### Work item
Each line below is to be copied exactly as it appears.

### Study material

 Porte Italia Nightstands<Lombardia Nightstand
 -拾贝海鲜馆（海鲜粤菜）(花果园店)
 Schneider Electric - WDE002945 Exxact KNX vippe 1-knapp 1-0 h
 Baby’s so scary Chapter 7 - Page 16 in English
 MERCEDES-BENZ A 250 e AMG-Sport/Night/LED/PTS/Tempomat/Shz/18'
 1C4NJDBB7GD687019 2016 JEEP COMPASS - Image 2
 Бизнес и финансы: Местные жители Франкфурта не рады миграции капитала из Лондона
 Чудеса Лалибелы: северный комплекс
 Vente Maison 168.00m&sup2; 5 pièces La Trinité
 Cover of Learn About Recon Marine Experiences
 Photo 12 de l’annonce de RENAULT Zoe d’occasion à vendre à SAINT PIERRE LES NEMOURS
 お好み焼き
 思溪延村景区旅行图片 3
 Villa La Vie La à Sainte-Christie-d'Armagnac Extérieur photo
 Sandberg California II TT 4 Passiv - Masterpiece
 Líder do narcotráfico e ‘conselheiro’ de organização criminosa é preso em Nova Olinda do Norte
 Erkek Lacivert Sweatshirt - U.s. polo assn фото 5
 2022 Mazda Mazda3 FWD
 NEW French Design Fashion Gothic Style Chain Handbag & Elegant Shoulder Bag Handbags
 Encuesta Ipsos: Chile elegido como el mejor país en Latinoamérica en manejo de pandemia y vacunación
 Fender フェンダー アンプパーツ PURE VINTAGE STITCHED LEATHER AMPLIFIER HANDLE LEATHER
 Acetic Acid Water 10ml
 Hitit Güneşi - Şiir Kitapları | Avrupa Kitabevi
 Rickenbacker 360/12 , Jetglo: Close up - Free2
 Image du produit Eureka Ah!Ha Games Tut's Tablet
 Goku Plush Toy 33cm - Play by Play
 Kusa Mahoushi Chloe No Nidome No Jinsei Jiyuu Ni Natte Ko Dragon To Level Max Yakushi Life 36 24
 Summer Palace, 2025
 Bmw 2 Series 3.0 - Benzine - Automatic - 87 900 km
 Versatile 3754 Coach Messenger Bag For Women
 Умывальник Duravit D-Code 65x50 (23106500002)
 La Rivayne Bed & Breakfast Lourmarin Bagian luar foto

### Problem solution
 Porte Italia Nightstands<Lombardia Nightstand
 -拾贝海鲜馆（海鲜粤菜）(花果园店)
 Schneider Electric - WDE002945 Exxact KNX vippe 1-knapp 1-0 h
 Baby’s so scary Chapter 7 - Page 16 in English
 MERCEDES-BENZ A 250 e AMG-Sport/Night/LED/PTS/Tempomat/Shz/18'
 1C4NJDBB7GD687019 2016 JEEP COMPASS - Image 2
 Бизнес и финансы: Местные жители Франкфурта не рады миграции капитала из Лондона
 Чудеса Лалибелы: северный комплекс
 Vente Maison 168.00m&sup2; 5 pièces La Trinité
 Cover of Learn About Recon Marine Experiences
 Photo 12 de l’annonce de RENAULT Zoe d’occasion à vendre à SAINT PIERRE LES NEMOURS
 お好み焼き
 思溪延村景区旅行图片 3
 Villa La Vie La à Sainte-Christie-d'Armagnac Extérieur photo
 Sandberg California II TT 4 Passiv - Masterpiece
 Líder do narcotráfico e ‘conselheiro’ de organização criminosa é preso em Nova Olinda do Norte
 Erkek Lacivert Sweatshirt - U.s. polo assn фото 5
 2022 Mazda Mazda3 FWD
 NEW French Design Fashion Gothic Style Chain Handbag & Elegant Shoulder Bag Handbags
 Encuesta Ipsos: Chile elegido como el mejor país en Latinoamérica en manejo de pandemia y vacunación
 Fender フェンダー アンプパーツ PURE VINTAGE STITCHED LEATHER AMPLIFIER HANDLE LEATHER
 Acetic Acid Water 10ml
 Hitit Güneşi - Şiir Kitapları | Avrupa Kitabevi
 Rickenbacker 360/12 , Jetglo: Close up - Free2
 Image du produit Eureka Ah!Ha Games Tut's Tablet
 Goku Plush Toy 33cm - Play by Play
 Kusa Mahoushi Chloe No Nidome No Jinsei Jiyuu Ni Natte Ko Dragon To Level Max Yakushi Life 36 24
 Summer Palace, 2025
 Bmw 2 Series 3.0 - Benzine - Automatic - 87 900 km
 Versatile 3754 Coach Messenger Bag For Women
 Умывальник Duravit D-Code 65x50 (23106500002)
 La Rivayne Bed & Breakfast Lourmarin Bagian luar foto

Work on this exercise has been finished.